SUPPLIED ENTRIES =
*** Begin section ***
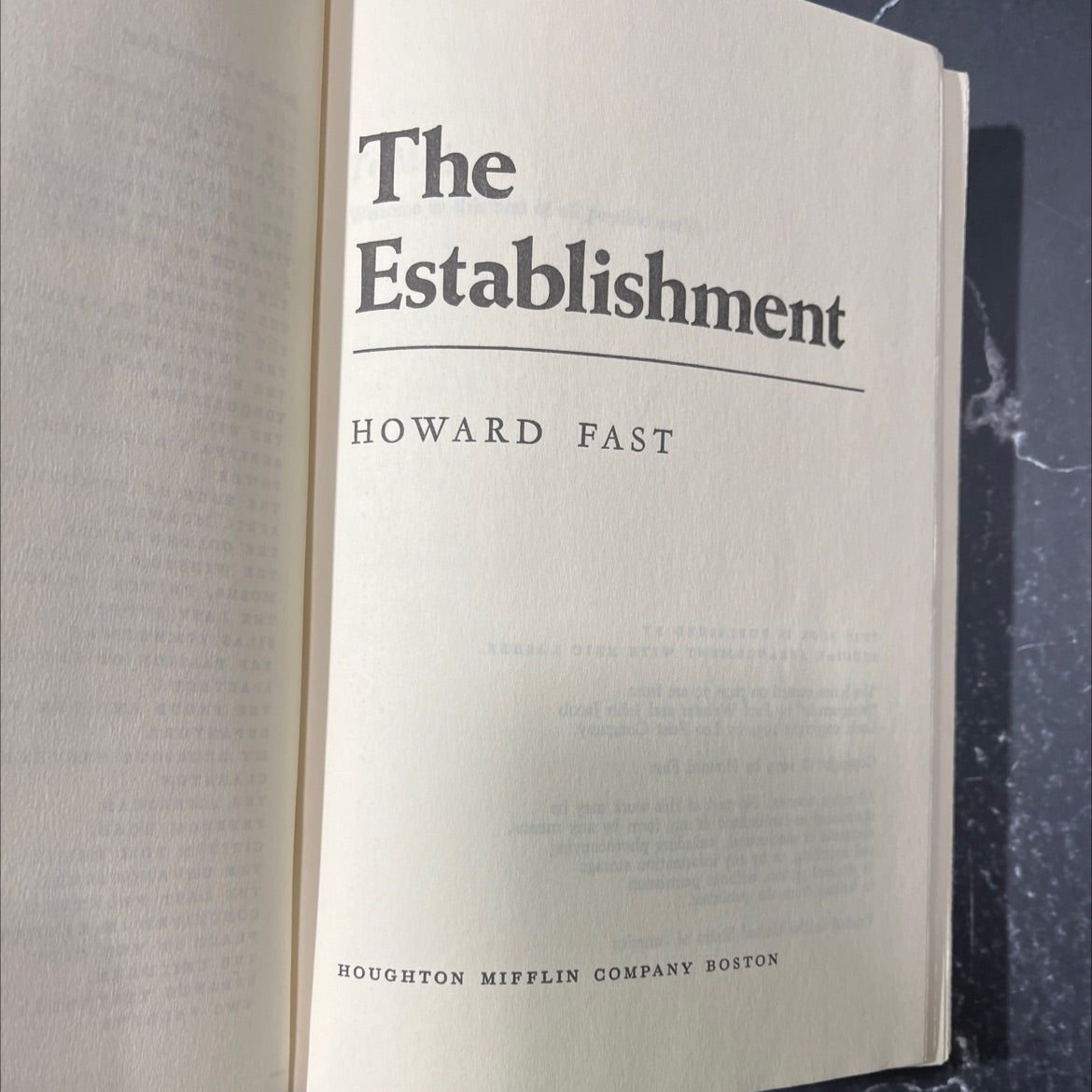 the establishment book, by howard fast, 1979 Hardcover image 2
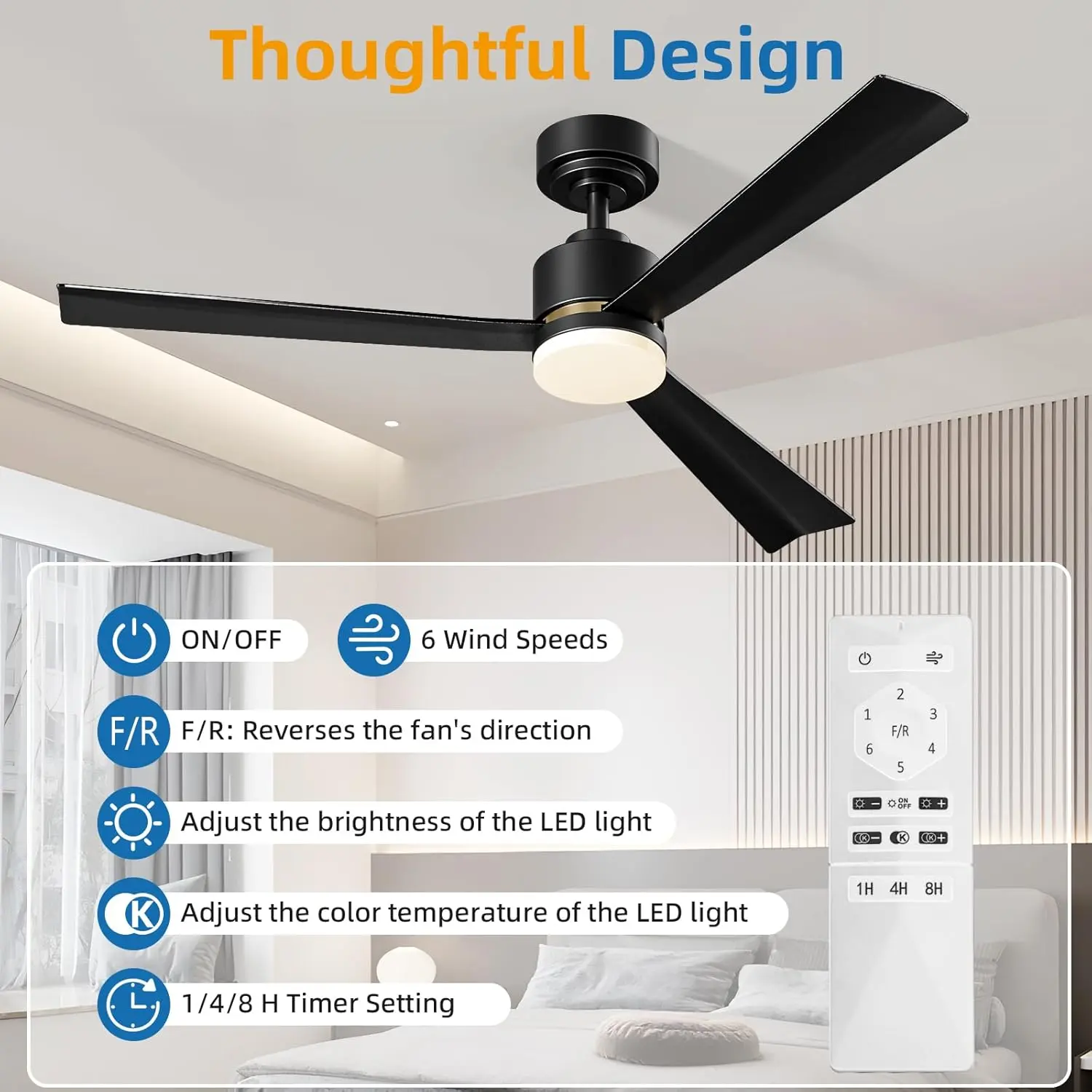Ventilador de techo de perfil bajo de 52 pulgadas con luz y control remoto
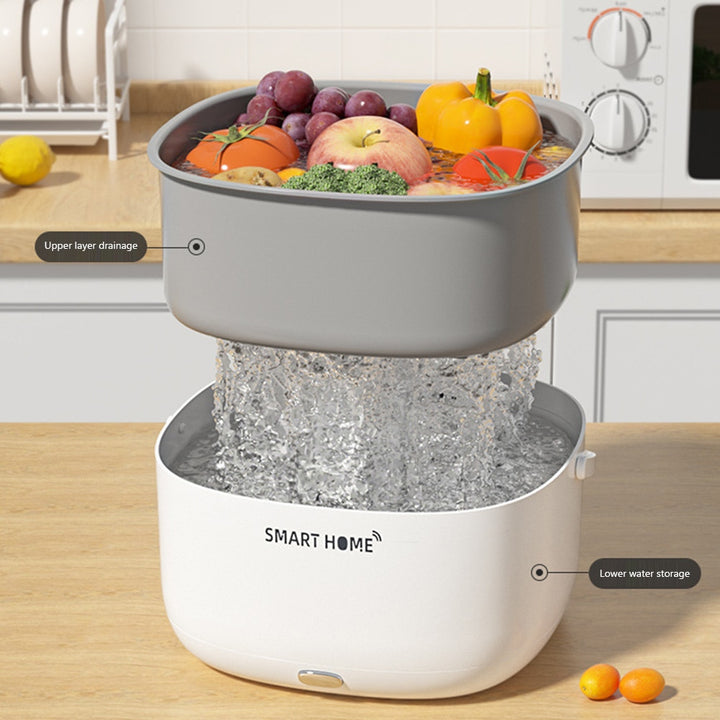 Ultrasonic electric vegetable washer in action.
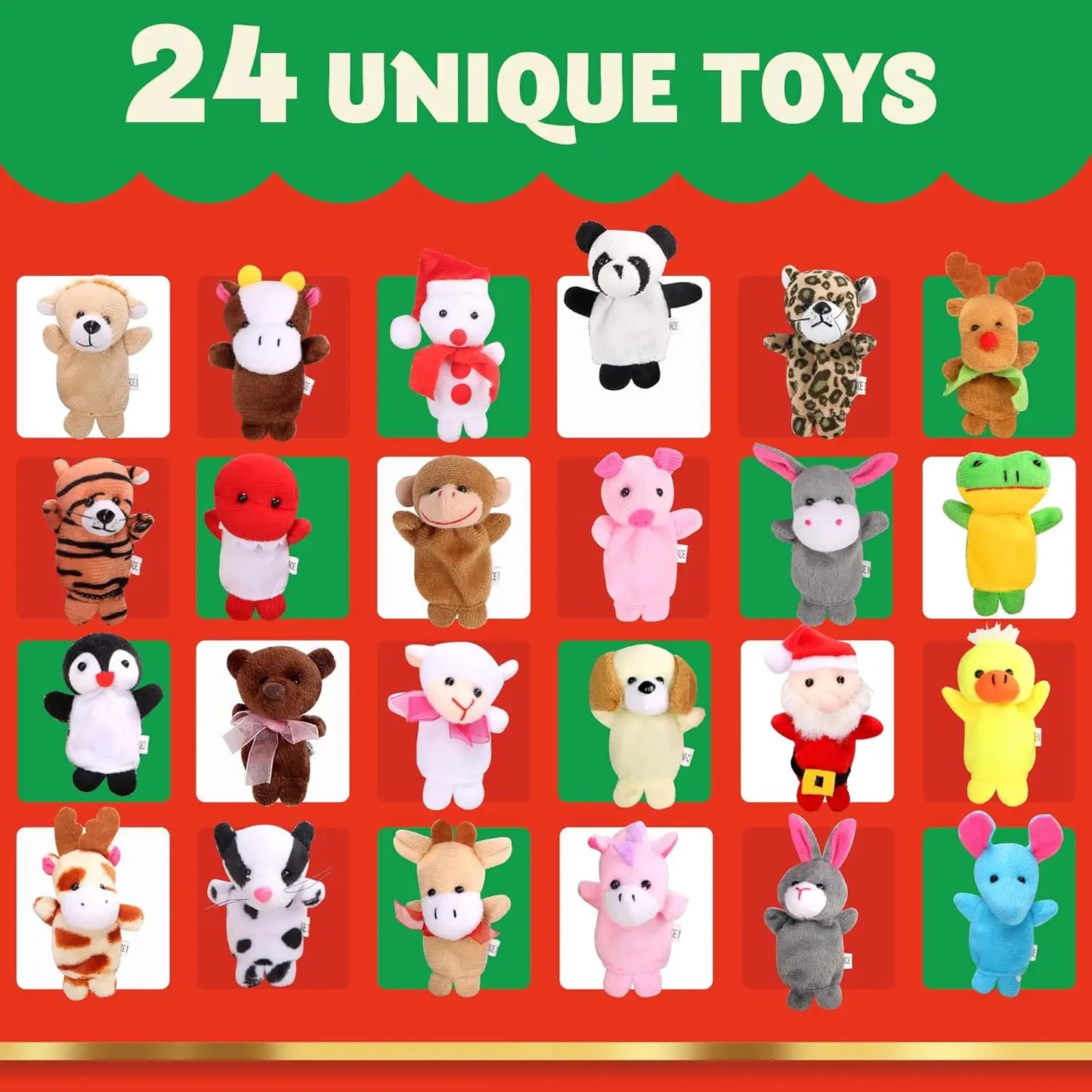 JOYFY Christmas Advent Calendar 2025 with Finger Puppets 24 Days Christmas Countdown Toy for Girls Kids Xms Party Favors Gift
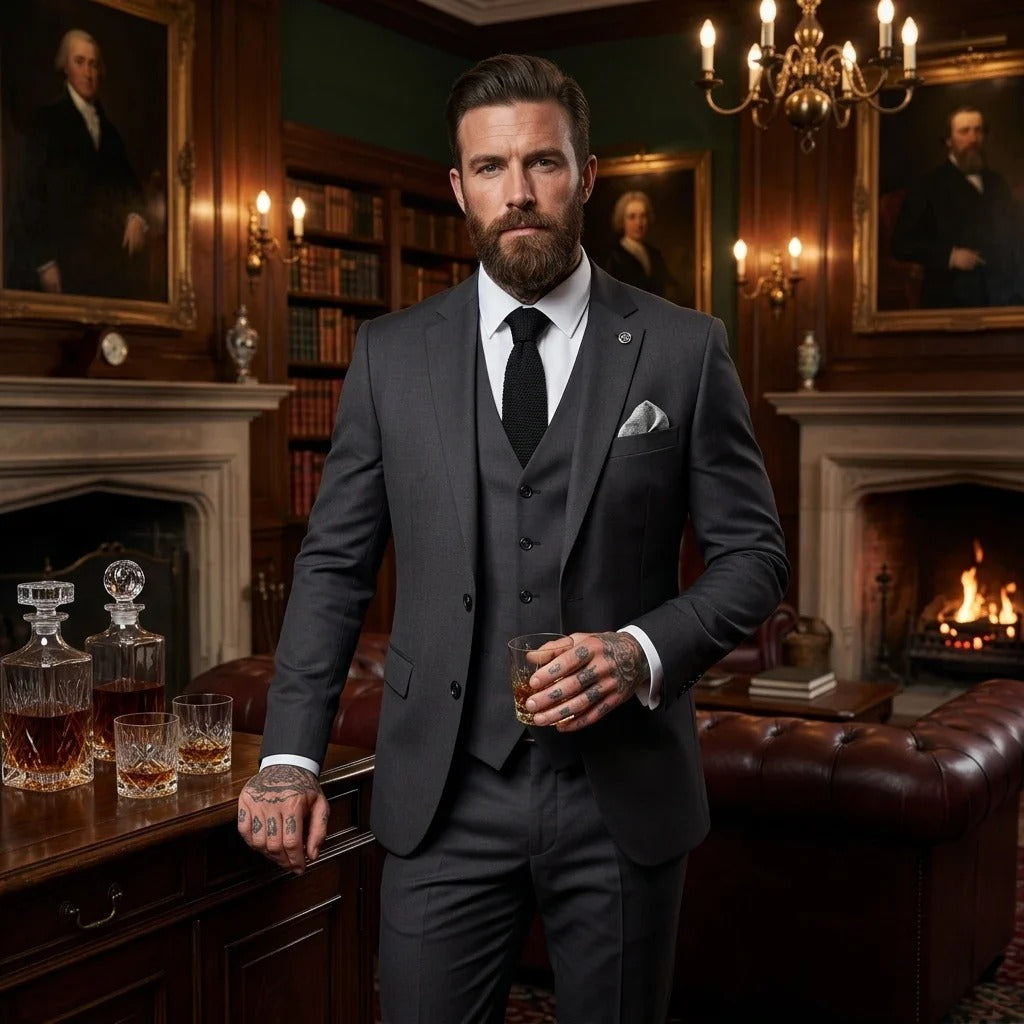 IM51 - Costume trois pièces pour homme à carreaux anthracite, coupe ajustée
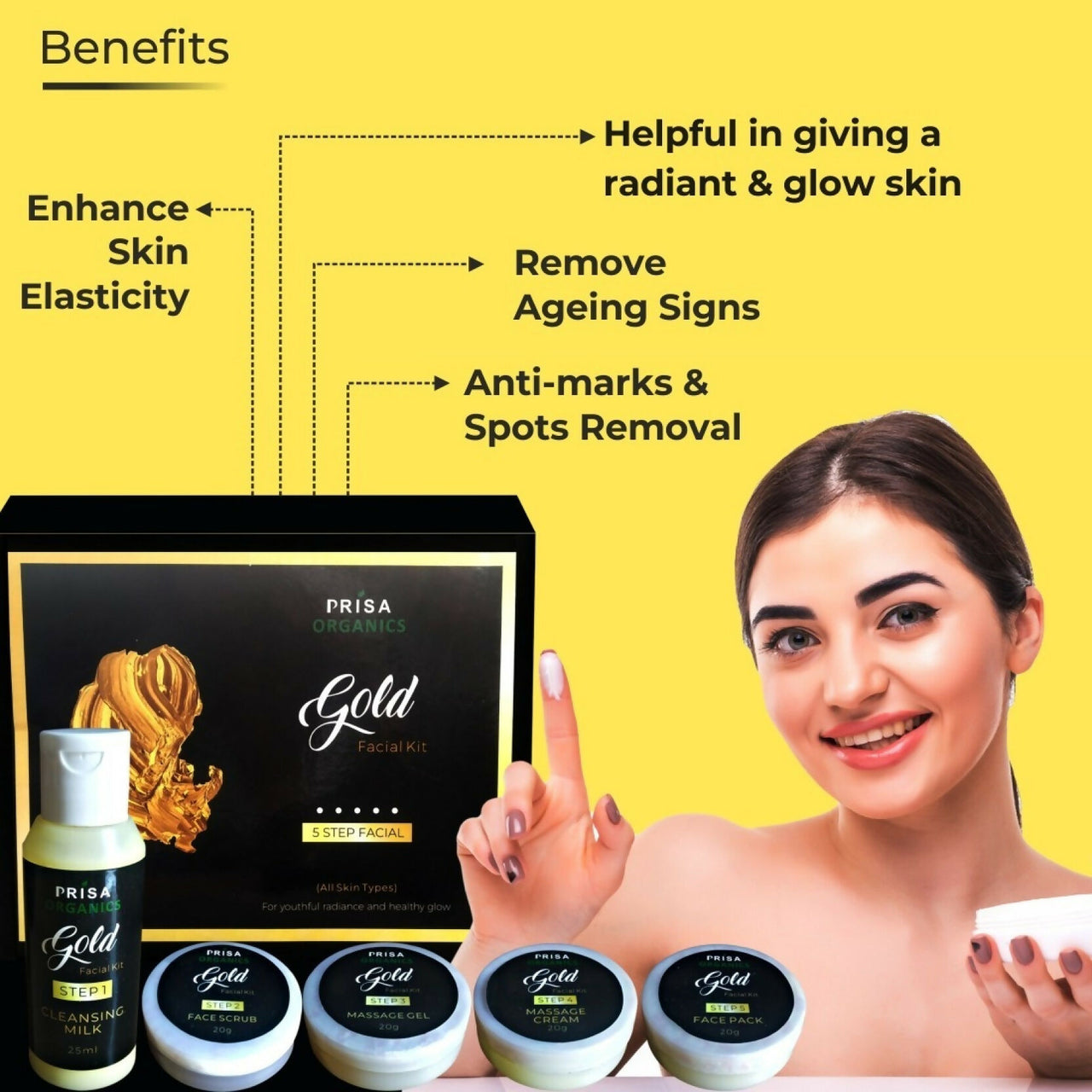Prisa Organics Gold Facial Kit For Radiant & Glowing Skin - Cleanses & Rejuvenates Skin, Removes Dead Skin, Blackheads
*** End section ***
TRY IT = Once the pictures are set aside, please reproduce the remaining material word for word.

TASK OUTPUT =
 the establishment book, by howard fast, 1979 Hardcover image 2
Ventilador de techo de perfil bajo de 52 pulgadas con luz y control remoto
 Ultrasonic electric vegetable washer in action.
 JOYFY Christmas Advent Calendar 2025 with Finger Puppets 24 Days Christmas Countdown Toy for Girls Kids Xms Party Favors Gift
 IM51 - Costume trois pièces pour homme à carreaux anthracite, coupe ajustée
Prisa Organics Gold Facial Kit For Radiant & Glowing Skin - Cleanses & Rejuvenates Skin, Removes Dead Skin, Blackheads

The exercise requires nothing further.